Give the listing again word for word, excluding the pictures it contains.

**Data**
'''
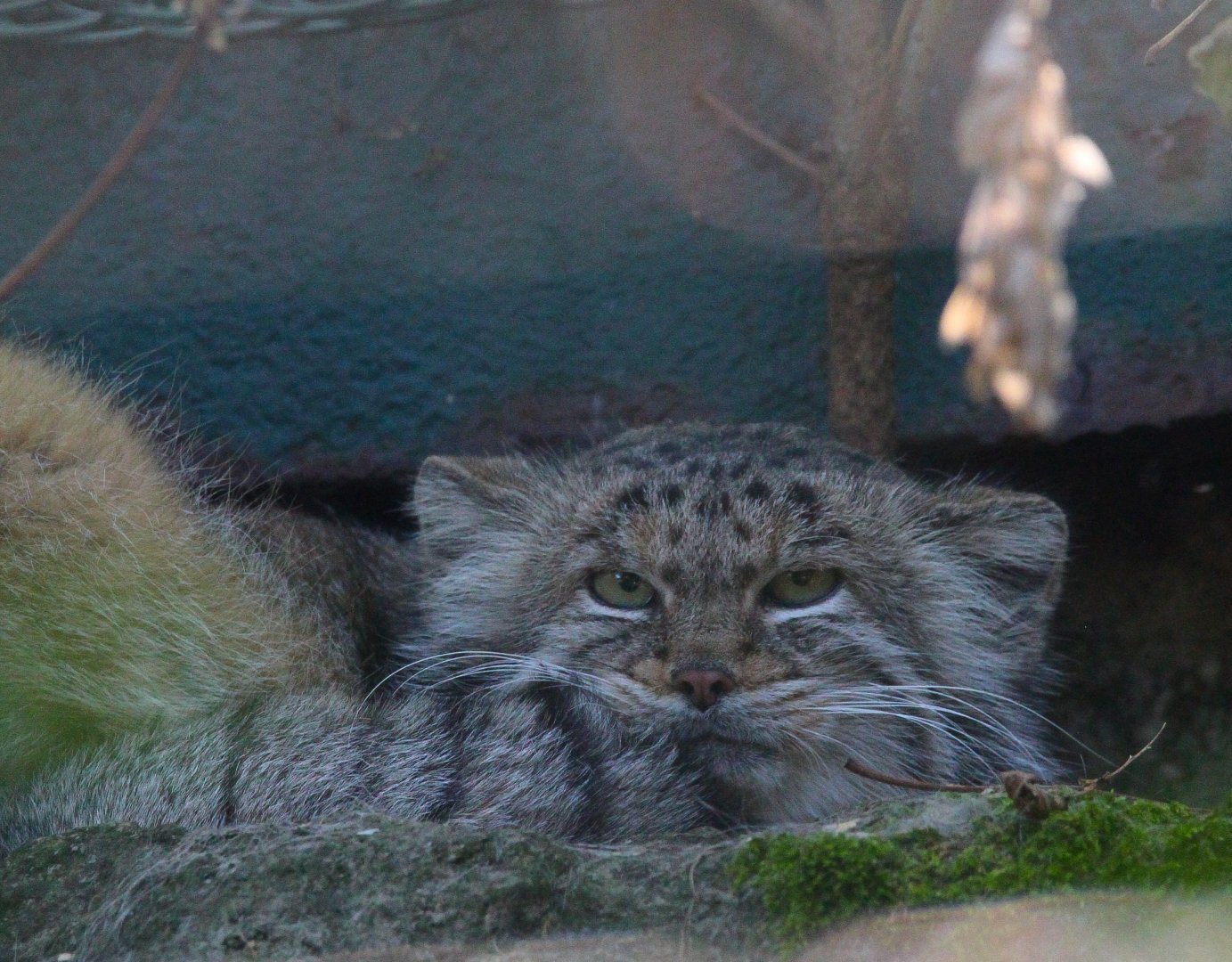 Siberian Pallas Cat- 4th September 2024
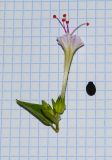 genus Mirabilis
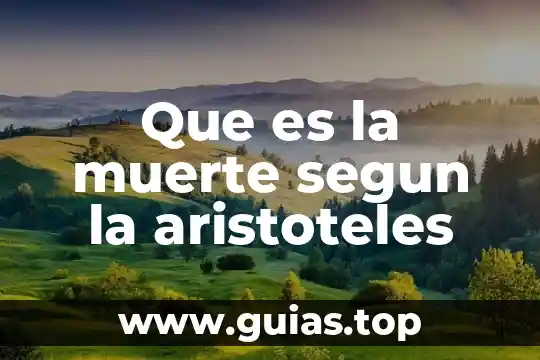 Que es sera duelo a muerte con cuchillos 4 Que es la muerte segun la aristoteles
'''
**Your solution**
 Siberian Pallas Cat- 4th September 2024
 genus Mirabilis
 Que es sera duelo a muerte con cuchillos 4 Que es la muerte segun la aristoteles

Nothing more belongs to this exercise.